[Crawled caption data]
┄┄┄┄┄┄┄┄┄┄
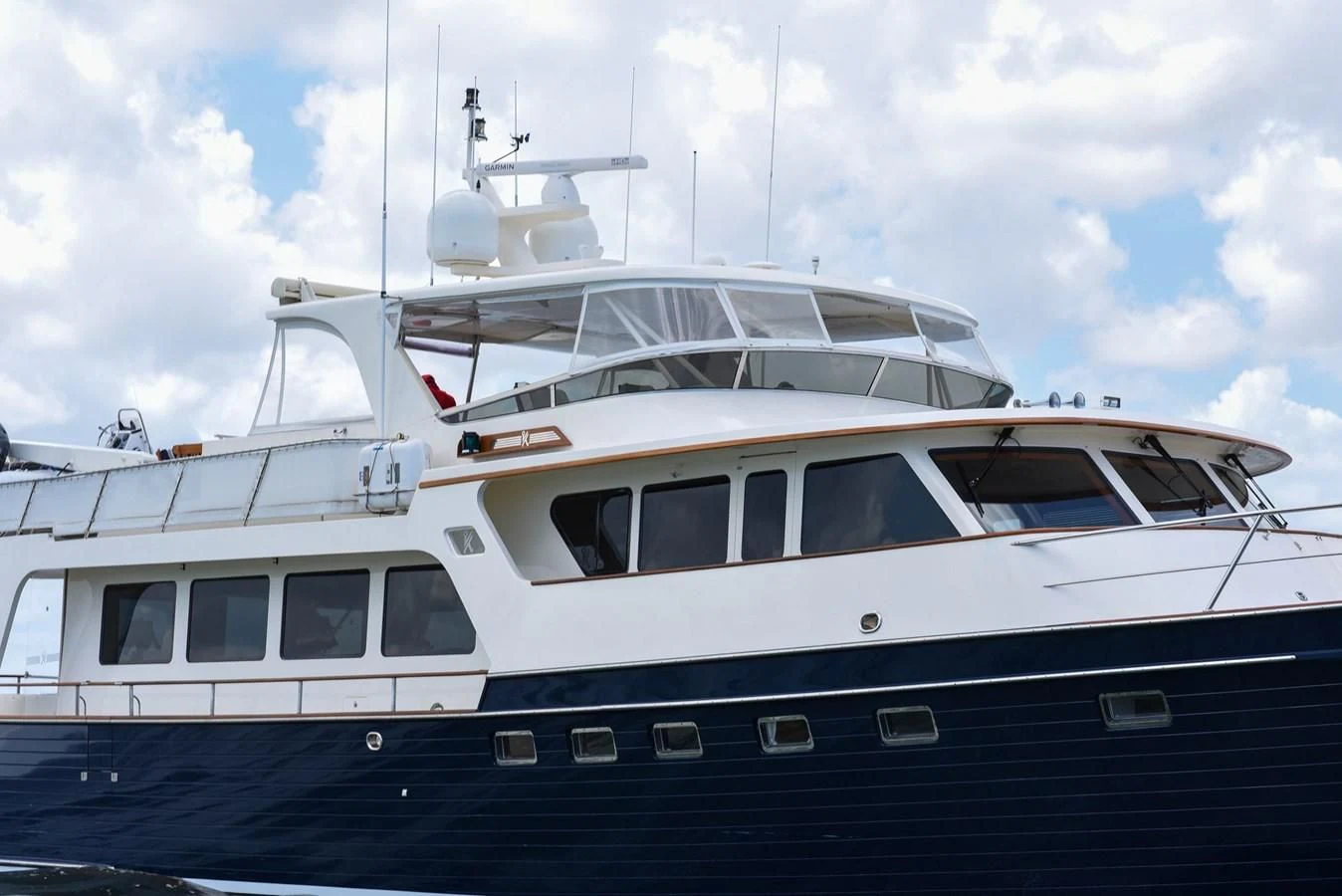 a yacht docked in the water aboard VK Yacht for Sale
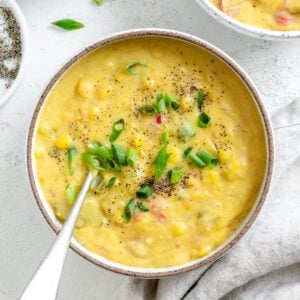 completed Vegan Corn Chowder in a bowl against a white background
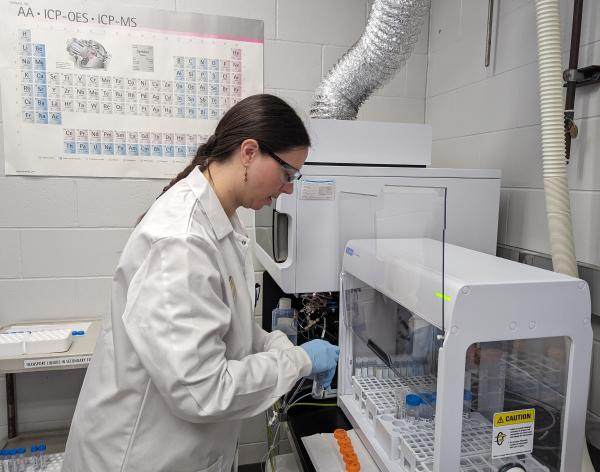 A women in a lab testing water quality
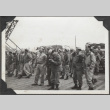 Men on dock looking at ship (ddr-densho-466-146)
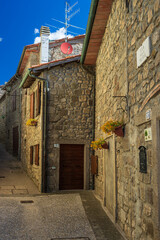 Italian medieval village details, historical stone alley, ancient marrow street, old city stone buildings architecture. Santa Fiora, Tuscany, Italy.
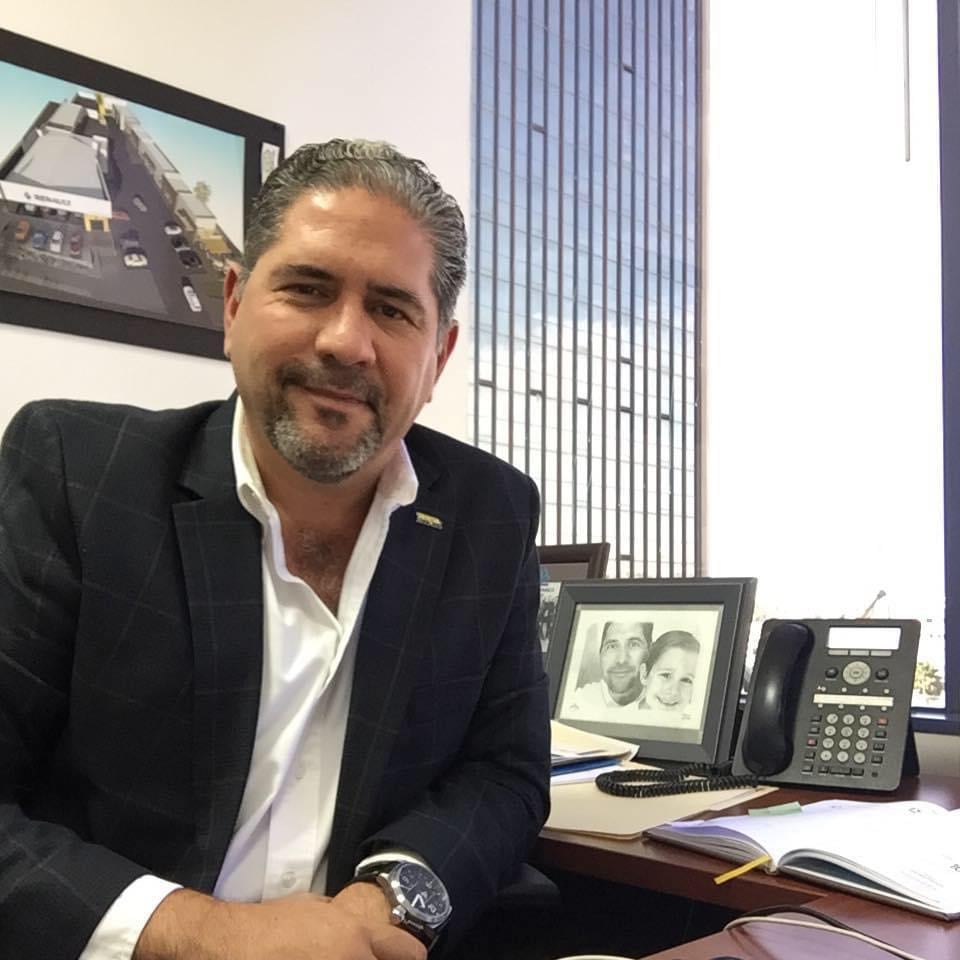 Man in a suit sitting at a desk with a telephone and framed photo. Large window view to city buildings behind him.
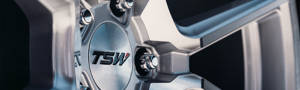 Close up of lug nuts installed at the center of a TSW wheel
┄┄┄┄┄┄┄┄┄┄
### Task to complete
Nothing but the pictures is to be left out; repeat the data exactly.

### Reply to the task
 a yacht docked in the water aboard VK Yacht for Sale
 completed Vegan Corn Chowder in a bowl against a white background
 A women in a lab testing water quality
 Men on dock looking at ship (ddr-densho-466-146)
 Italian medieval village details, historical stone alley, ancient marrow street, old city stone buildings architecture. Santa Fiora, Tuscany, Italy.
 Man in a suit sitting at a desk with a telephone and framed photo. Large window view to city buildings behind him.
 Close up of lug nuts installed at the center of a TSW wheel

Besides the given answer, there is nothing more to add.